A trente-deux ans, Frank Derex démontre avec La Rencontre que le talent, cet oiseau rare, peut se trouver absolument partout, même chez les vendeurs d’encyclopédies (ce fut, pendant un temps, son job, avant qu’il ne devienne concepteur-rédacteur en publicité), et que lorsque, dans notre dossier de rentrée, on jette aux oubliettes la quasi-totalité des premiers romans français, le « quasi » a quand même son importance. Son roman à double étage, parfaitement farfelu, part d’une étude historique très sérieusement menée : la visite que fit Nikita Khrouchtchev aux Etats-Unis d’Amérique en 1959, c’est-à-dire six ans après que ces derniers aient exécuté les Epoux Rosenberg et trois avant que les soviétiques installent des fusées sur les plages cubaines. Tout va pourtant si bien entre les deux hommes les plus puissants de la planète, Khrouchtchev et Eisenhower, Nikita et Ike, en ce moment de détente pacifique, qu’il n’y a aucune raison de ne pas imaginer une passion plus franche, moins diplomatique, une paix chaude, presque physique. Un tête à tête qui deviendrait corps à corps…

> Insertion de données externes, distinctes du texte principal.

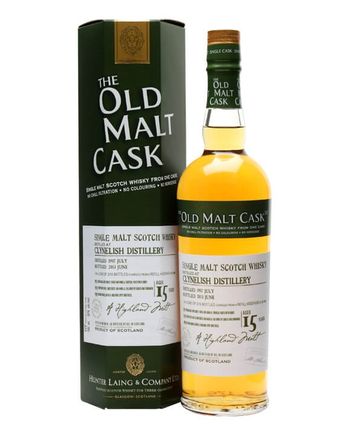 Clynelish 1997 15 年 Cask #9881 Old Malt Cask Hunter Laing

De leur amour, l’auteur décide donc qu’il naîtra un fils, Vladimir (« Premières contractions. Nikita, allongé sur l’herbe, commence de haleter, assisté d’une sage-femme. Il réclame Eisenhower par son petit nom : Ike, qui lui répond d’une caresse de la main. Une fumée blanche s’exhale du ventre dilaté de Nikita, puis la tête d’un bébé »). Changement d’univers : on suit maintenant les aventures de Vladimir, fils de la copulation Est-Ouest, ancien titreur à la Pravda qui part en Occident après la fin de la Guerre Froide. Son installation dans le monde capitaliste ne va pas sans quelques déconvenues professionnelles (ingénieur raté, publicitaire laborieux) et féminines (pas facile de réussir dans la « Communauté Erotique Européenne »). Frank Derex, qu’on peut soupçonner de souffrir d’épilepsie, signe là un texte complètement fou, d’une profusion stylistique à peine imaginable, à ce point déchaîné que, avouons-le, on s’y noie assez souvent : boire la tasse dans du Derex, au fond, est cependant quelque chose d’assez inoubliable.
Envolées idéologiques idéalistes, intenses paragraphes orgiaques ou passages historiques de la plus grande rigueur, tout s’entrechoque étrangement dans un texte ni surréaliste, ni absurde, ni banal, où le héros ne s’appelle peut-être pas Vladimir pour rien : Nabokov ne se définissait-il pas lui-même comme « un écrivain américain, né en Russie et formé en Angleterre où [il a] étudié la littérature française avant de passer quinze ans en Allemagne » (entretien pour Playboy, 1964) ? Chimiste politique et furieux romancier, l’auteur se joue à la fois des propagandes idéalistes qui vécurent leurs belles heures en ce siècle et des héritages culturels et littéraires des deux Blocs dans un livre rocambolesque, paranoïaque, déjanté, d’une imagination sans bornes. Vladimir, bille malmenée dans le flipper de l’époque, aura toutefois, lui, tenté de réfléchir sur son temps ; « Nikita ? Ike ? Naïke ? », comprend-il enfin dans un épilogue délirant où, comme dans un « Septième Sceau » revu par Lynch, il discute avec la Mort : plus de blocs, plus de tension, plus de dyade, peut-être, mais l’ennemi, aujourd’hui, est ailleurs, le même pour tous. La fin des idéologies, décidément, n’est pas la fin des aliénations.